We are committed to the pursuit of championships which means that we have chosen to engage the importance of winning rather than casting it off as a matter of trivial importance.

Just because something is often an idol does not mean it cannot be a legitimate goal.  I believe the same could be said for an educator who has a strong interest in students’ test results or a business person who has goals for profit.  No one would ever tell an educator or a business person that tangible results don’t matter.

Then, the other tension is constantly lurking – complacency.  Since the pain of not winning can be so devastating, complacency seems like a decent option; and again the broad road is calling.  A competitor is sometimes tempted to invest less into the pursuit of championships as a defense mechanism against disappointment.   The less I invest, the less I lose.  Of course, as image bearers when we stop short of the potential God has granted us, we fail to bring glory due his name.

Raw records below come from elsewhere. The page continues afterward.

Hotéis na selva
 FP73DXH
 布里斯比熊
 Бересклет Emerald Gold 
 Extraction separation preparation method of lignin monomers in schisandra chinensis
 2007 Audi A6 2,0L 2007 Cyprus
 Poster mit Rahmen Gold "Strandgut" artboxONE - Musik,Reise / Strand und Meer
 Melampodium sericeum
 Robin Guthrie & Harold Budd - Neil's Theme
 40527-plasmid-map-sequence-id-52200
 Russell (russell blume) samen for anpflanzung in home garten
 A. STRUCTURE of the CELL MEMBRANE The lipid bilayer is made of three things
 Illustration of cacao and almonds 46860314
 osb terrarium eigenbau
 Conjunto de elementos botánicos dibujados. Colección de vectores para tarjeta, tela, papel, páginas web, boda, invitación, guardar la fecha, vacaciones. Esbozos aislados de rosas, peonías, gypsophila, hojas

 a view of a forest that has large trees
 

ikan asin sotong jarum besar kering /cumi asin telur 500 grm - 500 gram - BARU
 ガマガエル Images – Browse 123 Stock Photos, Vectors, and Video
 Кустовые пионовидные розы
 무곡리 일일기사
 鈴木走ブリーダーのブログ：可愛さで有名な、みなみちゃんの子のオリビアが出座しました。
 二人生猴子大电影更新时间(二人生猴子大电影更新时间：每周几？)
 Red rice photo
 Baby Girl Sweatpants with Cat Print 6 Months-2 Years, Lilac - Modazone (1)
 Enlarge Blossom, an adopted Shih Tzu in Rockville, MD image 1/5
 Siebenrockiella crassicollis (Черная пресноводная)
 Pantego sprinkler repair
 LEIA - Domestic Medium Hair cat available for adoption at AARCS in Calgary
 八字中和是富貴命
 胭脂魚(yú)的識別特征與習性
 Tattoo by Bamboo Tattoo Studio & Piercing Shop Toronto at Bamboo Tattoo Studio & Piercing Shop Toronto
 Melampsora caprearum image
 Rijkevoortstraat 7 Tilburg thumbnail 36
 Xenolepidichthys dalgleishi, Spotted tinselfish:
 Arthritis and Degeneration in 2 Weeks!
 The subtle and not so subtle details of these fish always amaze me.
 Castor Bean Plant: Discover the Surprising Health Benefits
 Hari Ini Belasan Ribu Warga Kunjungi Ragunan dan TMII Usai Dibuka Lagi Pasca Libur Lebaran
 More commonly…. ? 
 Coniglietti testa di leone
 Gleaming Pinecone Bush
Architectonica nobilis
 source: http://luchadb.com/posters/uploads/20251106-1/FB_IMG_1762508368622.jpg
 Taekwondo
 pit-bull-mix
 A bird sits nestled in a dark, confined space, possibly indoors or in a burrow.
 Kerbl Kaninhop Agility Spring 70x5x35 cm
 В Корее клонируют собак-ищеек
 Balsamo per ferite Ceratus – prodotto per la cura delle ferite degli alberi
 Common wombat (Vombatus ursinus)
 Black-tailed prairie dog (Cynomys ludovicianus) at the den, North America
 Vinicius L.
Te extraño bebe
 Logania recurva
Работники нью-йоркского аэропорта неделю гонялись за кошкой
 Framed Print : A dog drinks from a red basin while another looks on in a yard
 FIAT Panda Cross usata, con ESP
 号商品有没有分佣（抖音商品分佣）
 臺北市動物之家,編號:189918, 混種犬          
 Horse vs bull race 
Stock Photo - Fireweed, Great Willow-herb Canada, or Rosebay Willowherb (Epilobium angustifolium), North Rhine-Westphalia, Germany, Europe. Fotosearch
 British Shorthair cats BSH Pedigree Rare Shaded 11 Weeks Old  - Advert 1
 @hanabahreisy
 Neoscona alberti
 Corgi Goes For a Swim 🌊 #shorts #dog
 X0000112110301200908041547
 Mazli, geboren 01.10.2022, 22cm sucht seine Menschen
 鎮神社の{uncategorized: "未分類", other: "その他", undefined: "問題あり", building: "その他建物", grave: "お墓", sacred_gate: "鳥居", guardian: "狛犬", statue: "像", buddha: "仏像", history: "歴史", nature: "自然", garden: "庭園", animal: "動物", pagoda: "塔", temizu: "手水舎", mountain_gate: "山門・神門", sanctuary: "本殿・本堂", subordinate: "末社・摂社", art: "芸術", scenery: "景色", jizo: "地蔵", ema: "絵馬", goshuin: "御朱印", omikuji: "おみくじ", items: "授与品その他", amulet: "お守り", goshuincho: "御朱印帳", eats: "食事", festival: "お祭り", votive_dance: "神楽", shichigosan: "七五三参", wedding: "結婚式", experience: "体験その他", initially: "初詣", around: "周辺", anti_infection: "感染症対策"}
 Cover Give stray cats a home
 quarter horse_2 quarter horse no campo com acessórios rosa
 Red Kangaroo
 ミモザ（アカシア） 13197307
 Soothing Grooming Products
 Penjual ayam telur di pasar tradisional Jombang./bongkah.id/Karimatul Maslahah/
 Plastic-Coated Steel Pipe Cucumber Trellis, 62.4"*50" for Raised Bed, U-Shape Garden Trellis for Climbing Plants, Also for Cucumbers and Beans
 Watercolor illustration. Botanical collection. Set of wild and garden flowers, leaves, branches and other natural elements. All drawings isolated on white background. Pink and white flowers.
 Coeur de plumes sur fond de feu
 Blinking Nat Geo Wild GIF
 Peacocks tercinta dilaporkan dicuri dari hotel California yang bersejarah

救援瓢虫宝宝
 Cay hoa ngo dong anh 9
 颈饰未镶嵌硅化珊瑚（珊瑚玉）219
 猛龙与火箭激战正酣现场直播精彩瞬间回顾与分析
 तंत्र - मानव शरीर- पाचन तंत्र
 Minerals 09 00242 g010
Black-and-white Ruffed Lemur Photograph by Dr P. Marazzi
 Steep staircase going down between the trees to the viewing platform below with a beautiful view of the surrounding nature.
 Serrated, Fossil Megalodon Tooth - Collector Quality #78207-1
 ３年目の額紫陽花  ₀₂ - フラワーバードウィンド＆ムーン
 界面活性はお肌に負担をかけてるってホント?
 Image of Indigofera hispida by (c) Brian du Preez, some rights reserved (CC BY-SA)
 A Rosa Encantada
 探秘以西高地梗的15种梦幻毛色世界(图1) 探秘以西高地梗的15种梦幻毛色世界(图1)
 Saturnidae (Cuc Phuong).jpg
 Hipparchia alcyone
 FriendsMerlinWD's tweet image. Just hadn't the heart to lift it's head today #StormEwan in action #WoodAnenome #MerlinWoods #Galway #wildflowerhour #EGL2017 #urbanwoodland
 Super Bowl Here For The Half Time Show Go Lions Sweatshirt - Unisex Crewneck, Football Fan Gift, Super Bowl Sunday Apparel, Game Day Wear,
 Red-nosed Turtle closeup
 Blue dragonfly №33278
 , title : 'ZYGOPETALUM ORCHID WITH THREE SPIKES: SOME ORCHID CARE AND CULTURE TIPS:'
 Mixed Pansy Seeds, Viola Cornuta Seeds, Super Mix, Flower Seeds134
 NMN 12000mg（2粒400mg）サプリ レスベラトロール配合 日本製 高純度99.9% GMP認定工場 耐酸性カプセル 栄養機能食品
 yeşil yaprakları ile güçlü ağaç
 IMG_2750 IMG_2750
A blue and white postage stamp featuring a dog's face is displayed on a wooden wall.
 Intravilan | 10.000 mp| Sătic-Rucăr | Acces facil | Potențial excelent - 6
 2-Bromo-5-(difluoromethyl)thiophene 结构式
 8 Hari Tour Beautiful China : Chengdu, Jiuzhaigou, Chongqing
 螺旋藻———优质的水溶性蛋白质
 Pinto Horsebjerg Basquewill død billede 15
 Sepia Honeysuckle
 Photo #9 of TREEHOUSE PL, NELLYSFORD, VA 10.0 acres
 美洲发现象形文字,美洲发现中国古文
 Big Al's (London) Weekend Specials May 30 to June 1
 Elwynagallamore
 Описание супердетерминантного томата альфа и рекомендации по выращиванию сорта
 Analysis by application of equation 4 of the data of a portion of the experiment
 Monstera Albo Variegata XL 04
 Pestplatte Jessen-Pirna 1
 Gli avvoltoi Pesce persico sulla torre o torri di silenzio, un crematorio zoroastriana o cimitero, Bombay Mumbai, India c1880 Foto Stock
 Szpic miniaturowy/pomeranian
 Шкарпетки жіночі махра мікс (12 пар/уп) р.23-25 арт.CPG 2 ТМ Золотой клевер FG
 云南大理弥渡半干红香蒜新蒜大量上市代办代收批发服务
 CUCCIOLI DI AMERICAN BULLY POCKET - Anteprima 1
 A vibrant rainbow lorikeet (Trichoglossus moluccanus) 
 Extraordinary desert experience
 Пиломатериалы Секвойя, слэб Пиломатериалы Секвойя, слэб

Christian competitors have fallen off the narrow road on both sides – allow winning to be THE whole point, or bump it off the list of priorities and just have fun playing.  The solution is painfully simple, yet so hard…and again, that’s why it is a narrow road.  To successfully travel this narrow road in athletics we have to confront idolatry and complacency head on and navigate the tension.

In our football program at Dordt, our method of navigating the tension is to invest passionately in the pursuit of winning while keeping our purpose at the forefront.  Your goals are your “what” but your purpose is your “why.”  To say it another way “Our goals are legitimate, but our purpose is ultimate.”  We’ve used the phrase “Industry Standard” as a vision statement.  We seek to be the industry standard college football program at our level.  What this really means is that we are in pursuit of the very best version of college football that God intended.  It’s a bold and daring vision; and it forces us to travel on the narrow road.

Now, to return to the perspective gained from being in the lift.  As I observed our players and coaches from forty feet above the practice field I saw a team going about the business of pursuing championships. Our team is 2-2, and we are only one play away from being 3-1.  The disappointment we experienced in our most recent loss to Midland was perhaps an all-time high for many of us.  We were crushed to lose the way we did, down 13 points with 4:49 left in the game – taking the lead with 1:49 left – then watching that lead disappear on a kick return. Losing should hurt because the goals we have set are legitimate.  But what I observed on a Wednesday practice after a tough loss was not a “broad road” response to a loss.

  Losing should hurt because the goals we have set are legitimate.  But what I observed on a Wednesday practice after a tough loss was not a “broad road” response to a loss.

What I observed was competent coaches coaching hard, high effort players with great focus running through drills, and even our managers investing themselves maximally.  You would have no idea by the way we operated whether we had won or lost our previous game.  With legitimate disappointment we were keeping our purpose in front of us:  To honor God, to grow as men, to compete fiercely, and to have kingdom impact.  Our “what” did not trump our “why” and our vision was unthreatened by adversity.   The scoreboard provides direction for us in our competitive experience; but it will never provide definition.  It will sting if we lose, but we will not be complacent and withdraw our investment to avoid it.  I believe one day we will win a conference championship at Dordt College, and my earnest prayer is that I will return to the lift, and from forty feet above, I’ll take in a similar scene to the one I saw this week.